Given records>
-*-

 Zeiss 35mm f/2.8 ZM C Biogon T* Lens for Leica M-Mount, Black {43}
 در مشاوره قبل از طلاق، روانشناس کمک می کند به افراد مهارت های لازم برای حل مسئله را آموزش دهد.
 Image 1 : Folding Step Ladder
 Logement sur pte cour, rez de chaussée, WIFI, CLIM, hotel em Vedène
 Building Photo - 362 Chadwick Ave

-*-

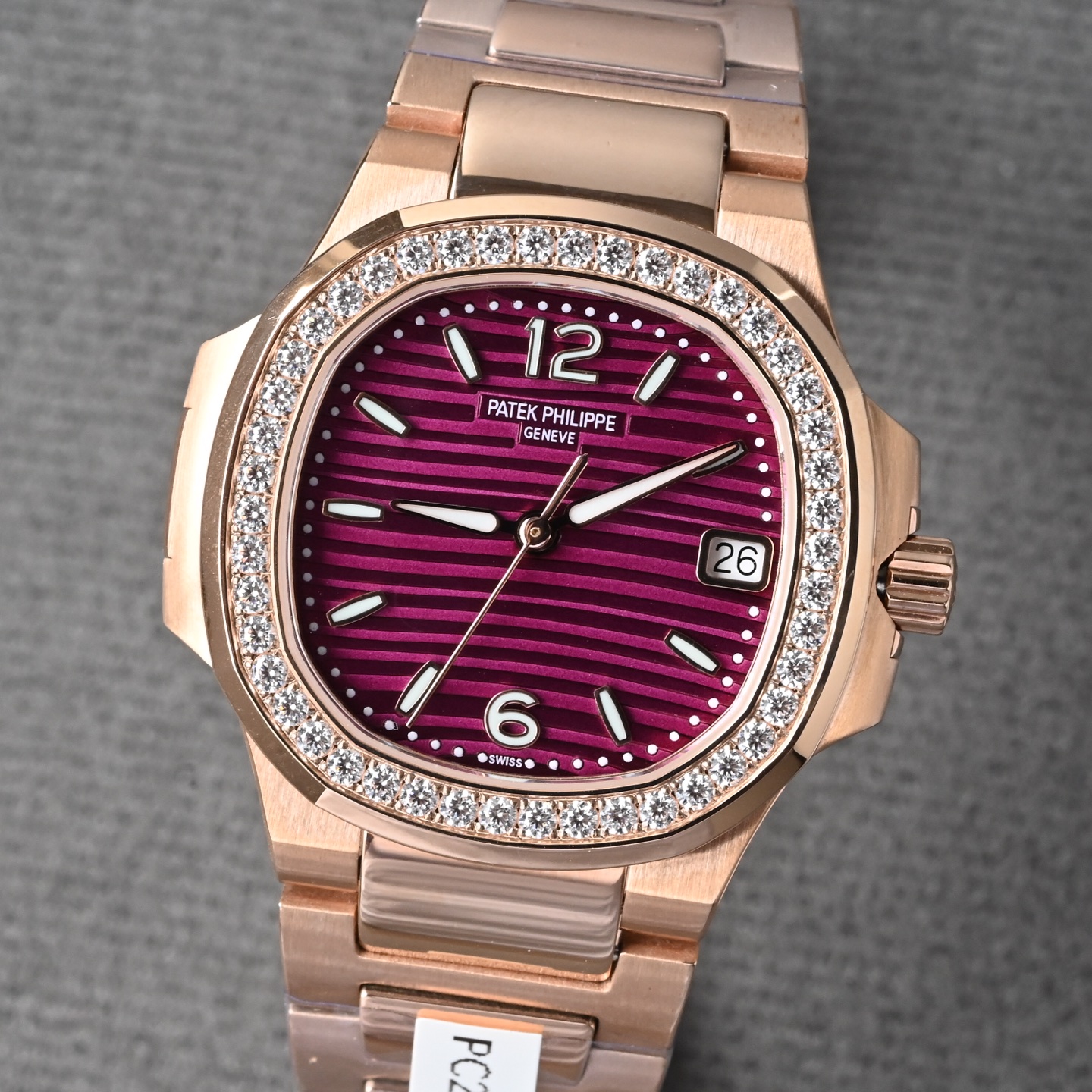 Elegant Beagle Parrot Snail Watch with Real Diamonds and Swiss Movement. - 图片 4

-*-

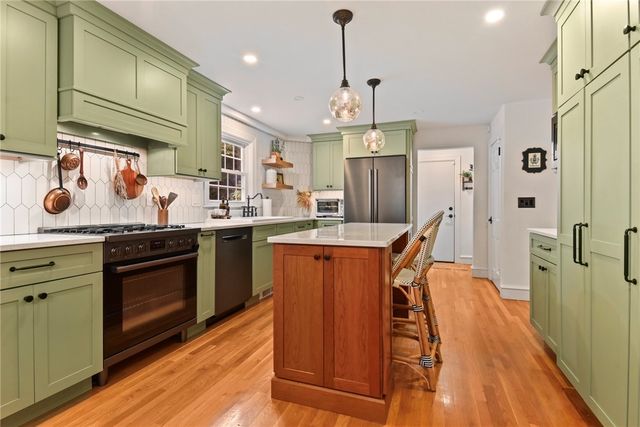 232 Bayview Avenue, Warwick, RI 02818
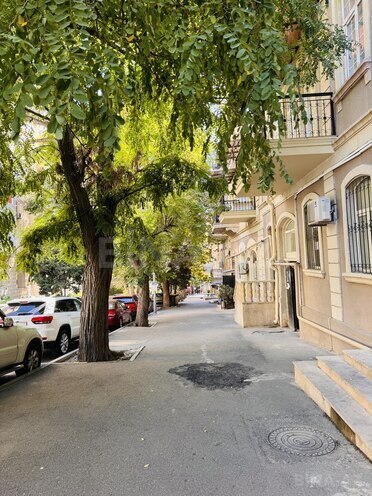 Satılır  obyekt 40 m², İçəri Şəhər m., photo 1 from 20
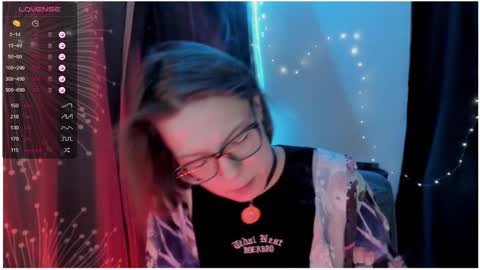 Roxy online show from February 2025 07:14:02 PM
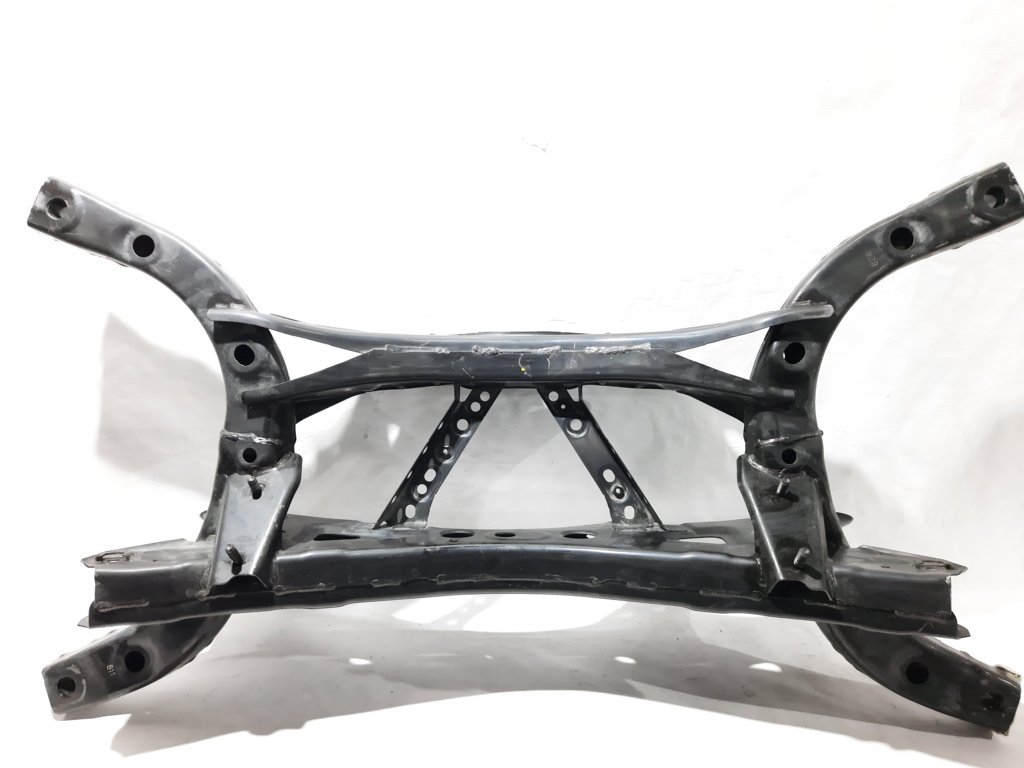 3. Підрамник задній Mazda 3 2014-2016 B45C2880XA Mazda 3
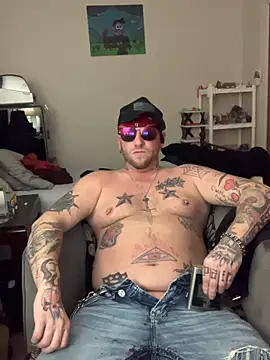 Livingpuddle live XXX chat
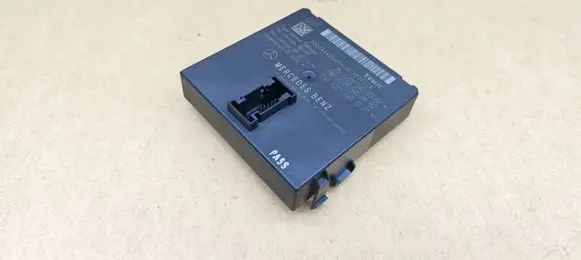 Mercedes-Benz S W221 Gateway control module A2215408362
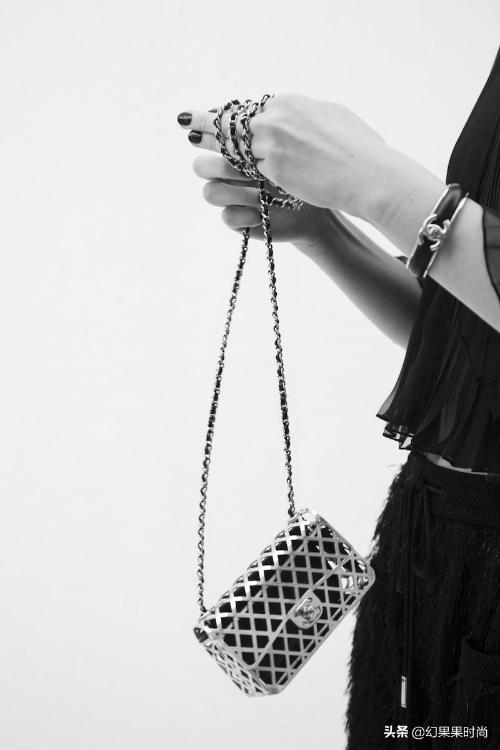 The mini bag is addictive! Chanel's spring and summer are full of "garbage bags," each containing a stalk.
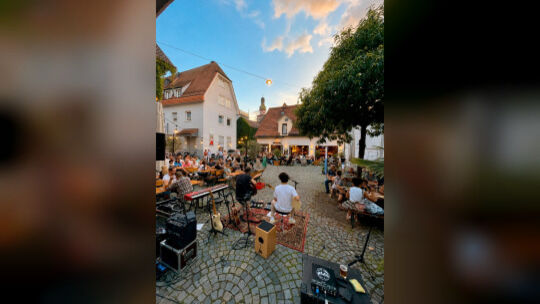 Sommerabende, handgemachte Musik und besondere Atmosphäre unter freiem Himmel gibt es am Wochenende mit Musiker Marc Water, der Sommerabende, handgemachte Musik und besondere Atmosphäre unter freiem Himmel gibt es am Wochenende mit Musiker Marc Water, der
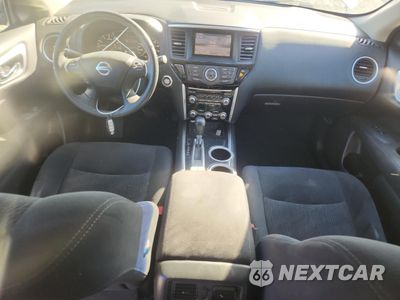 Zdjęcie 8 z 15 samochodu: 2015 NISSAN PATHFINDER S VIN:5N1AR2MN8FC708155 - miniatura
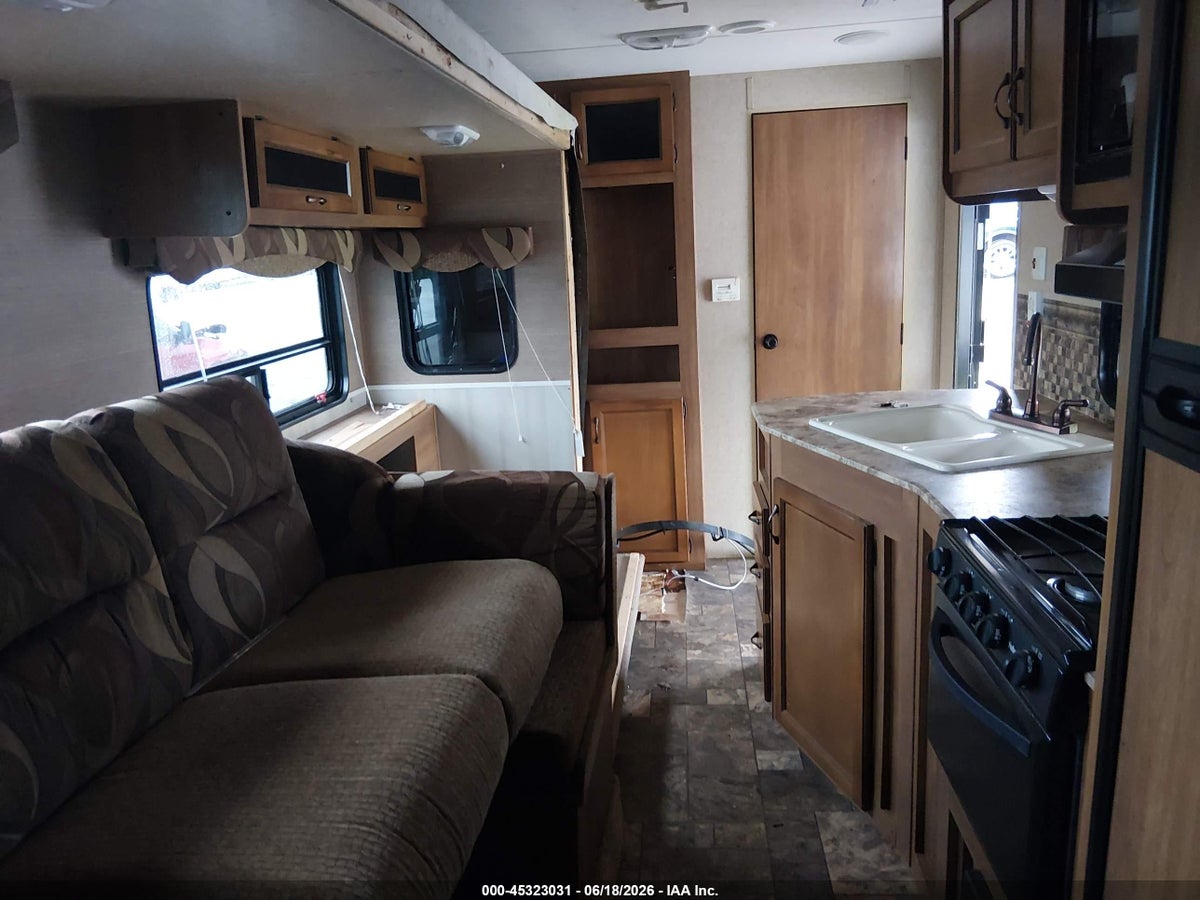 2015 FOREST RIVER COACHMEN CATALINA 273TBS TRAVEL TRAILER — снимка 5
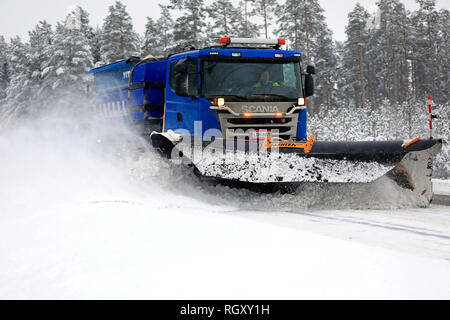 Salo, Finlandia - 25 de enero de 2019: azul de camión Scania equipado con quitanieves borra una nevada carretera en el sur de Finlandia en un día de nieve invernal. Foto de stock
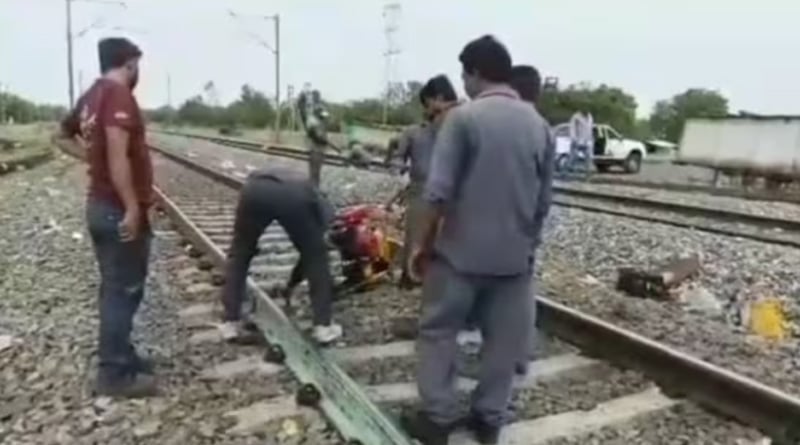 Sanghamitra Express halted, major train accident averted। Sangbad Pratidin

-*-

Your instructions>
Taking the material above, extract exactly and only the lines from the line with "Image 1 : Folding Step Ladder" to the line with "Building Photo - 362 Chadwick Ave", inclusive of both.

Completed task>
 Image 1 : Folding Step Ladder
 Logement sur pte cour, rez de chaussée, WIFI, CLIM, hotel em Vedène
 Building Photo - 362 Chadwick Ave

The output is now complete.